La industria de la ciberseguridad ha vivido años hablando de una escasez de talento y habilidades. Sin embargo, la realidad reciente sugiere que el talento existe; lo que muchas veces falla es el flujo de atracción, retención y captación adecuada dentro de las organizaciones. En lugar de asumir que el talento no está allí, las empresas deben replantear sus estrategias de reclutamiento y desarrollo para competir de forma eficaz en un mercado cada vez más dinámico.
Una parte esencial de este cambio radica en reconocer que las habilidades relevantes no se limitan a certificaciones técnicas aisladas. Las organizaciones exitosas buscan perfiles que integren pensamiento crítico, capacidad de aprendizaje continuo, riesgos calculados y una comprensión profunda de los negocios. En ese sentido, la competencia no es solo técnica: es la capacidad de traducir amenazas complejas en decisiones operativas claras y en una cultura de seguridad que penetre en todos los niveles de la empresa.
El fenómeno observado, donde el talento parece ser capturado por el “otro lado”, refleja dinámicas de mercado más amplias: salarios competitivos, oportunidades de desarrollo profesional, y claridad en las rutas de crecimiento. Para contrarrestarlas, las compañías deben adoptar un enfoque holístico que incluya:
– Propuesta de valor de empleo convincente: planes de carrera, mentoría, aprendizaje continuo y proyectos desafiantes.
– Pagos y beneficios competitivos, alineados con el valor real de las habilidades en demanda.
– Estrategias de diversidad e inclusión que amplíen el alcance de talento y reduzcan sesgos en la contratación.
– Cultura de seguridad integrada: desde la alta dirección hasta el usuario final, donde cada persona sea consciente de su papel.
– Alianzas con instituciones educativas, comunidades técnicas y programas de formación vocacional para crear un flujo de talento sostenido.

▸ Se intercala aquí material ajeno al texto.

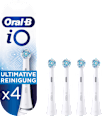 Aufsteckbürsten iO ultimative Reinigung Oral-B
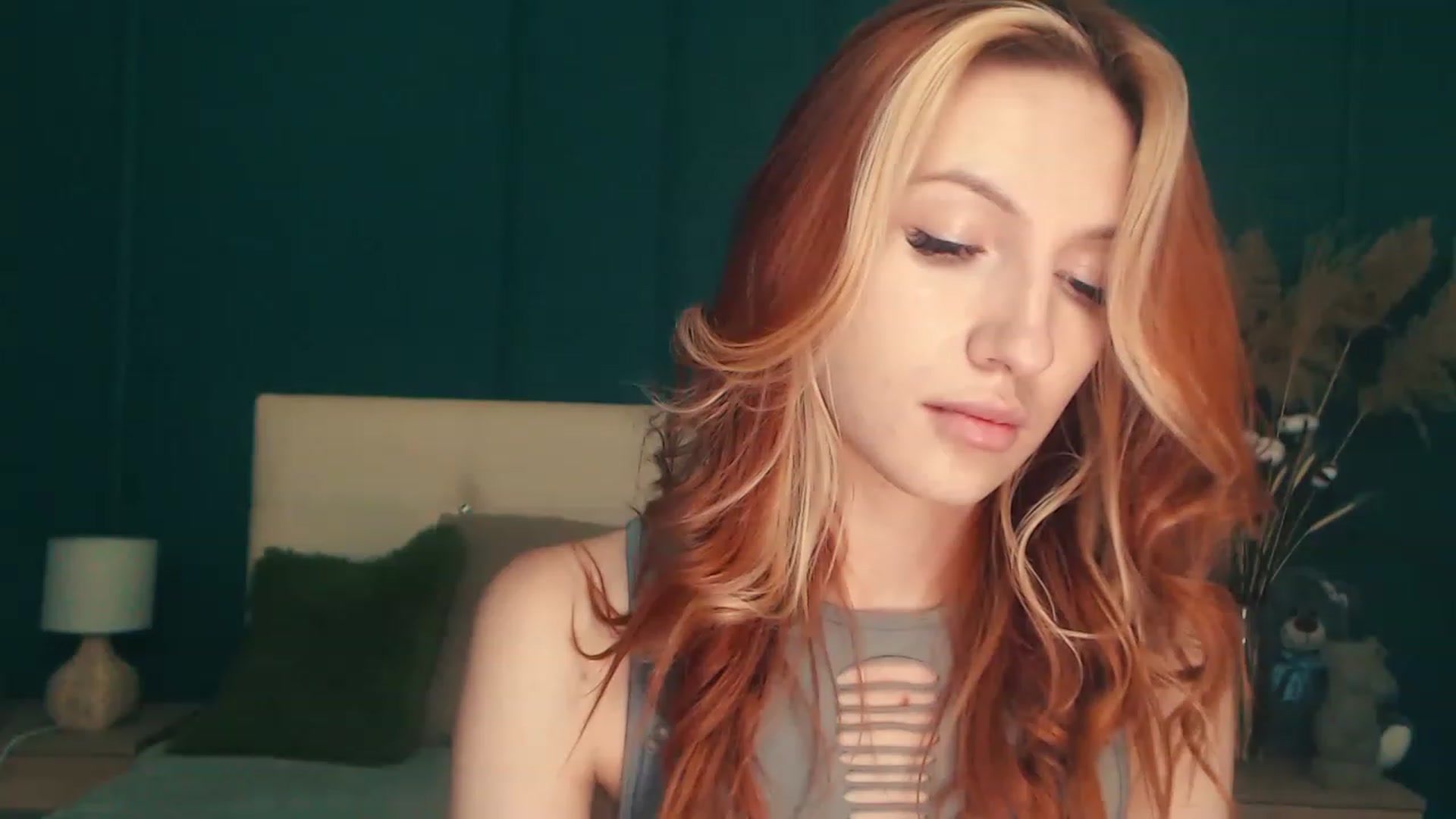 Gallery image thumbnail from LovelyGin's myfreecams stream on, 07/05/2023, 15:41 image 7 of 20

Además, la retención no debe ser un subproducto de la contratación, sino una parte estratégica del diseño organizacional. Las empresas deben invertir en planes de desarrollo personalizados, rotaciones de roles para ampliar experiencias, y reconocimiento temprano de logros para mantener a los profesionales motivados y comprometidos a largo plazo.
La narrativa de un “talento inexistente” puede erosionar la confianza interna y externalizar la responsabilidad a factores inevitables. En lugar de ello, las organizaciones deben medir, ajustar y comunicar su progreso: tasas de contratación, tiempos de incorporación, rotación voluntaria, satisfacción del equipo y el impacto directo de las capacidades recién adquiridas en la resiliencia y respuesta ante incidentes.
En resumen, sí existen las habilidades necesarias para sostener una ciberseguridad robusta. Lo que a menudo falta es el contexto adecuado para atraer, desarrollar y retener ese talento dentro de las propias organizaciones. Al transformar las estrategias de reclutamiento y crecimiento profesional, las empresas pueden convertir la percepción de escasez en una realidad de acceso continuo al talento, fortaleciendo así su postura frente a amenazas cada vez más complejas.